Clarifying Questions

When you get asked this question in a real-life environment, it will often be ambiguous (especially at FAANG). Make sure to ask these questions in that case:

What is the maximum possible length of the `deadends` array?
Can the `target` string ever be equal to one of the strings in the `deadends` array?
Is it possible for the `deadends` array to be empty?
If it is impossible to reach the target, what should the function return?
Are the strings in `deadends` and `target` guaranteed to be valid 4-digit strings with digits between '0' and '9'?

Brute Force Solution

Approach

The brute force approach to opening the lock tries every single possible combination until we find the correct one. We will start with the initial state, then systematically try every single combination until we reach our target or have exhausted all possibilities.

Here's how the algorithm would work step-by-step:

Start with the lock at '0000'.
Try every possible next combination by changing one digit at a time. For instance, '0001', '0010', '0100', '1000', and so on.
Keep track of all the combinations you've tried so you don't repeat them.
If any of the combinations are not allowed (deadends), skip them.
Continue generating new combinations by changing one digit of the previous combinations, one at a time.
Repeat this process, checking each new combination to see if it's the target combination or if it's a deadend.
Stop when you find the target combination, or when you have tried every possible combination without finding the target.

Code Implementation

def open_the_lock_brute_force(deadends, target):
    initial_combination = '0000'

    if initial_combination in deadends:
        return -1

    visited_combinations = {initial_combination}
    queue = [initial_combination]
    number_of_steps = 0

    while queue:
        queue_length = len(queue)

        for _ in range(queue_length):
            current_combination = queue.pop(0)

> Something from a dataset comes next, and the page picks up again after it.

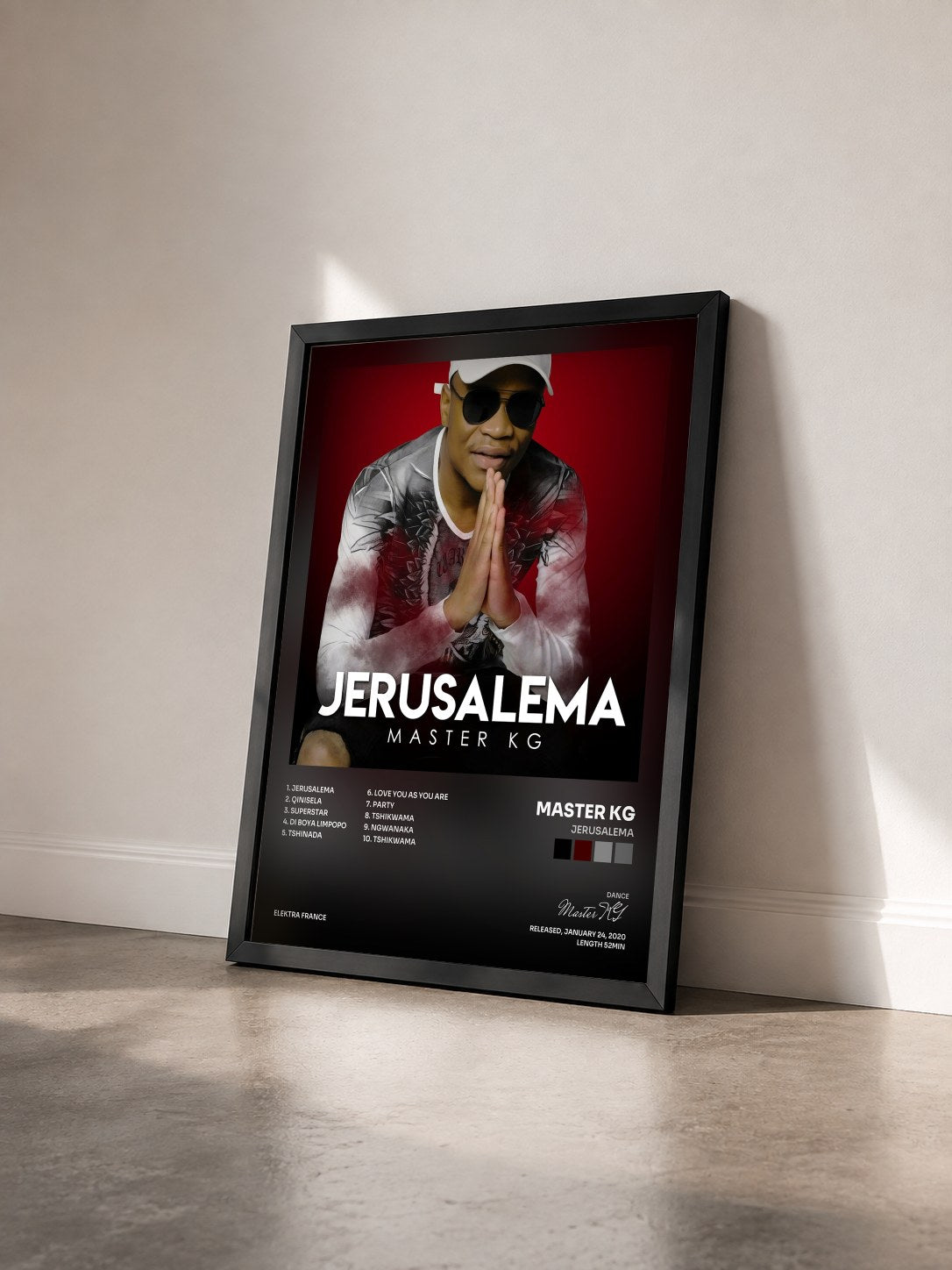#noir Tableau de l'album Jerusalema de Master KG vu de trois quarts, cadre noir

            if current_combination == target:
                return number_of_steps

            # Explore all possible next combinations
            for index in range(4):
                digit = int(current_combination[index])
                
                # Try incrementing the digit
                incremented_combination = current_combination[:index] + str((digit + 1) % 10) + current_combination[index+1:]
                if incremented_combination not in deadends and incremented_combination not in visited_combinations:
                    queue.append(incremented_combination)
                    visited_combinations.add(incremented_combination)

                # Try decrementing the digit
                decremented_combination = current_combination[:index] + str((digit - 1 + 10) % 10) + current_combination[index+1:]
                if decremented_combination not in deadends and decremented_combination not in visited_combinations:
                    # Ensure that the next combination is valid
                    queue.append(decremented_combination)
                    visited_combinations.add(decremented_combination)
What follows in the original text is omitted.